Model Validation and Reasonableness Checking Manual
5.0 Mode Choice / Auto Occupancy
5.1 Model Description
The treatment of modal choice can vary a great deal by region. For regions with limited transit facilities, it may be sufficient to apply a mode split factor to person trips to account for the percentage using transit. It may even be possible to ignore public transportation trips completely if they constitute a very small portion of regional travel. In the case of a mode split factor being used, these should be reviewed against available local transit ridership figures for reasonableness.

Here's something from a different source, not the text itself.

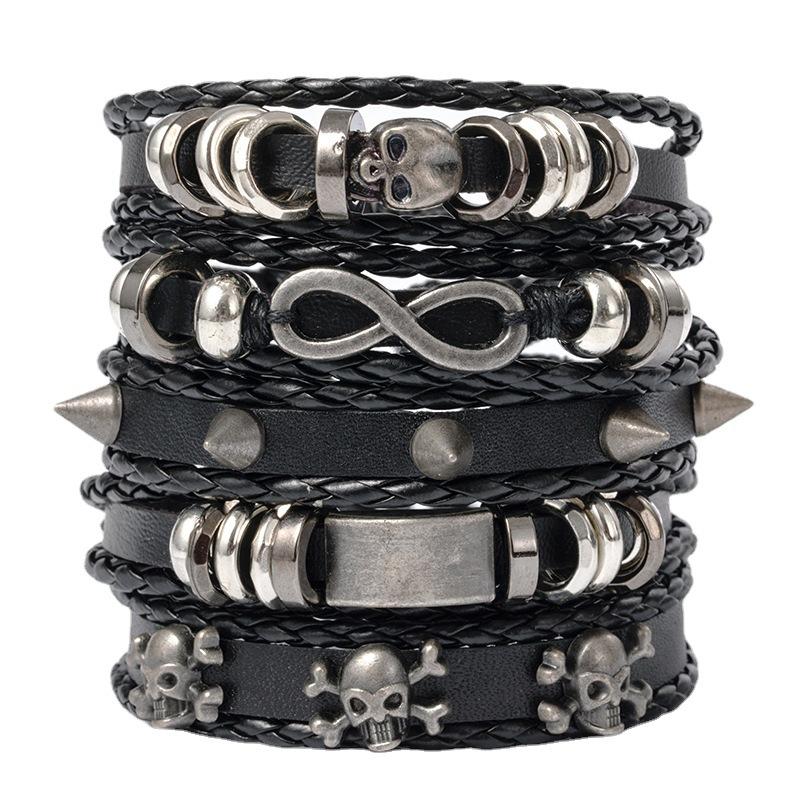 5 Piece Vintage Hip Hop Skull Leather Bracelet for Men's Gothic Punk Teenage Street Jewellery Accessories Man Handmade Bracelet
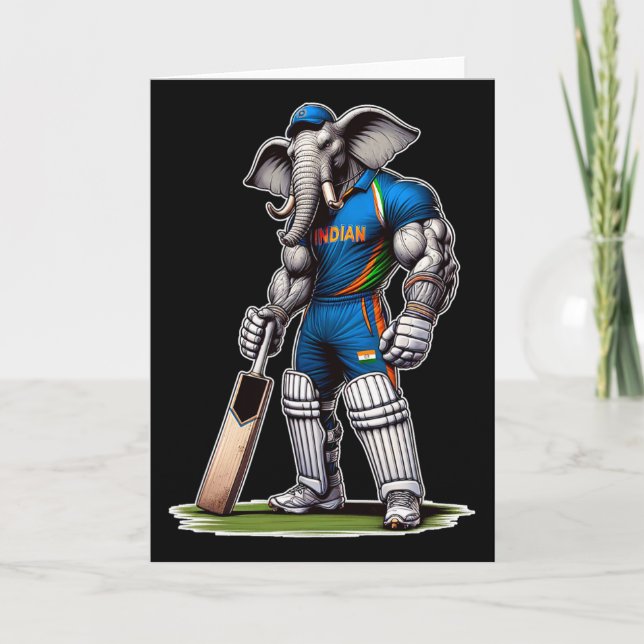 India Elephant Cricket Player Cricketer  Card (Front)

Appendix A contains travel to work characteristics for the 50 largest metropolitan areas in the U.S. The portion of work trips using transit varies from less than 1% in Ft.Worth Texas to nearly 50% in New York City. Thus, local characteristics are very important in determining mode split.
The remainder of this chapter will focus on mode choice models which constitute best practice for metropolitan areas with significant transit service. Mode choice models represent traveler decisions about which vehicular mode to use as a function of level-of-service (LOS) characteristics of the mode and traveler and household characteristics. The mode choice component should be adequately designed and constructed to address the data and informational requirements of regional system planning. The level of detail and precision required in the mode choice model needs to be sufficient to answer policy issues such as the impacts of rail, HOV, pricing strategies, and non-motorized travel.

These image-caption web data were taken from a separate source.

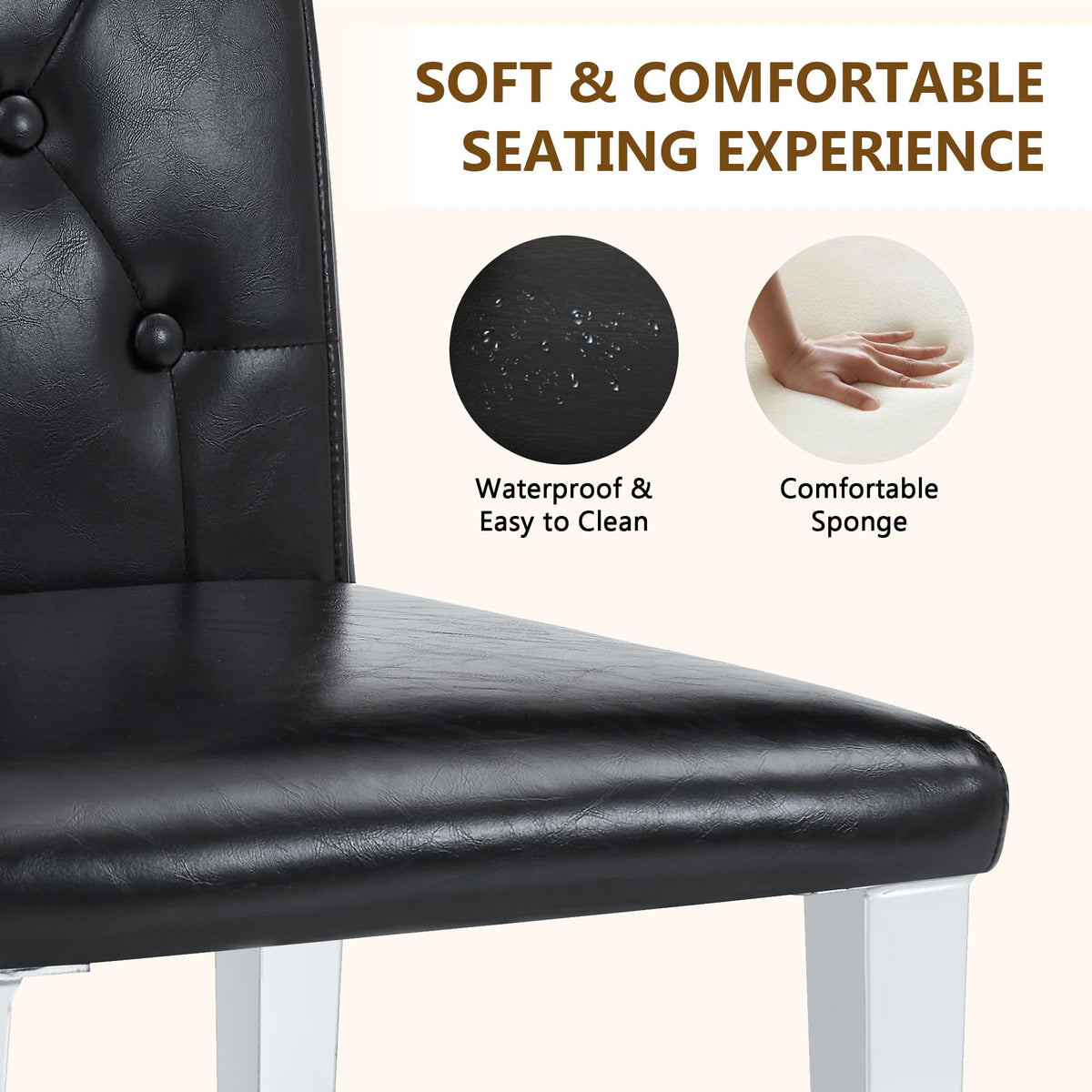 Black Faux Leather Dining Chairs Set of 6 Q319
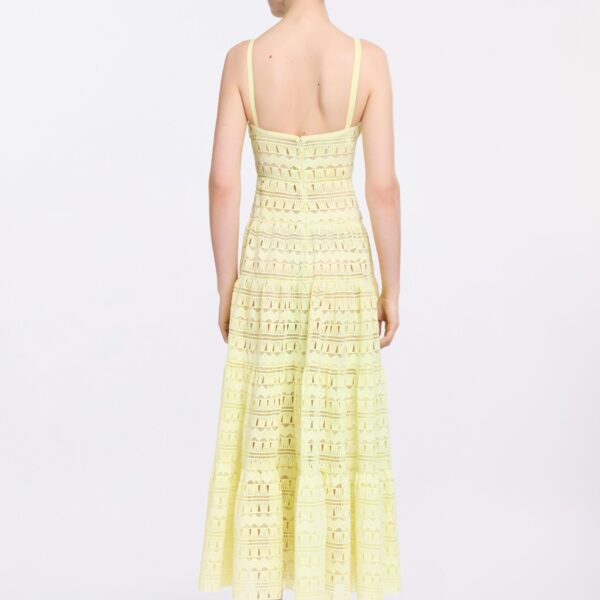 Elie Saab Macramé Midi Dress in Yellow featuring 61% Polyester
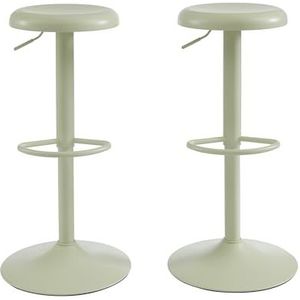 BAÏTA Set van 2 Holy krukken van mat crèmekleurig metaal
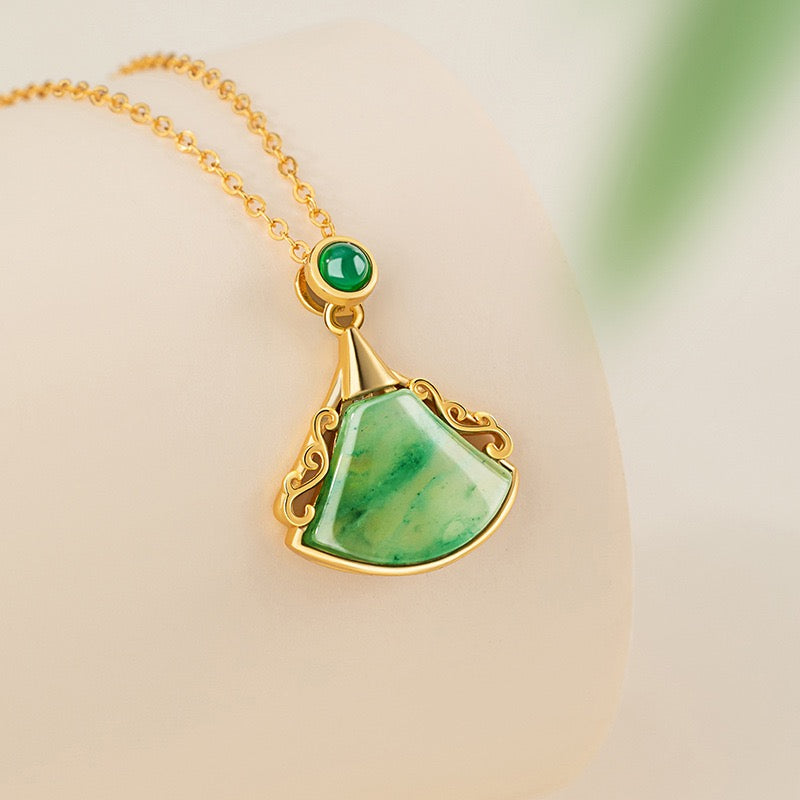 Mountain Mist African Jade Ruyi Fan Necklace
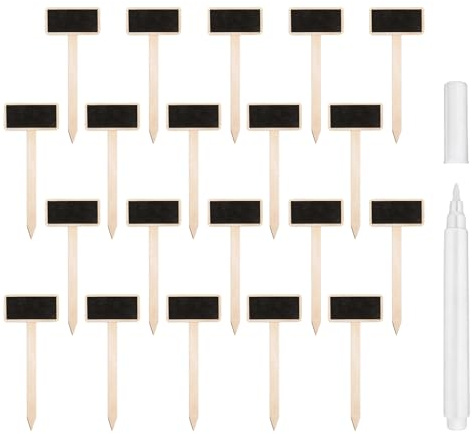 EUYKQNOI 20 Piezas Mini marcadores de jardín para árboles, hierbas, flores, jardín, maceta, marca tipo T, letrero de madera, etiqueta de precio, tableros de mensajes rectangulares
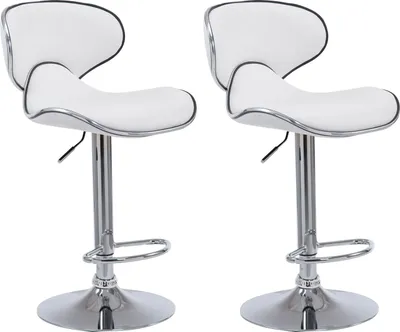 Produktbild von CLP 2er Set Barhocker Las Vegas V2 Kunstleder mit Fußstütze weiß Gestell Farbe chrom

Two types of discrete choice models are prevalent today: multinomial logit models and nested logit models. A multinomial logit model assumes equally competing alternatives, which allows the "shifting" of trips to and from other modes in proportion to the initial estimate of these modes. A nested logit model recognizes the potential for something other than equal competition among modes. This structure assumes that modes and submodes are distinctly different types of alternatives that present distinct choices to travelers. Its most important departure from the multinomial structure is that the lower level choices are more elastic than they would be in the multinomial structure. For example, this model structure would assume that a person is more sensitive to the mode of access to the transit system than to the decision between auto and transit. Discrete choice models may be estimated on aggregate (zone-level) data or disaggregate (household-level) data, and the most recent modeling efforts have focused on disaggregate nested logit models.

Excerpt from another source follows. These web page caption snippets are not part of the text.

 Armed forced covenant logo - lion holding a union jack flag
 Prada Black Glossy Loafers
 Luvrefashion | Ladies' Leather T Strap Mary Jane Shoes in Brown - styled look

Mode choice models require a number of inputs, many of which are produced in earlier steps in the modeling process. Variables which are typically included are transit travel time (out-of-vehicle, in-vehicle, walk time, wait time), number of transfers, highway travel time, transit fare, auto costs, household income and/or auto ownership, household size, number of workers, and land use characteristics. All of these inputs should be reviewed for reasonableness and compared with observed values. The New Orleans model validation included a comparison of the system variables, such as time and cost, by trip purpose.
As part of the model estimation process, it is useful to check the reasonableness of mode choice parameters by comparing with other regions. Tables 5-1 and 5-2 list some parameters from a number of cities for work and non-work models.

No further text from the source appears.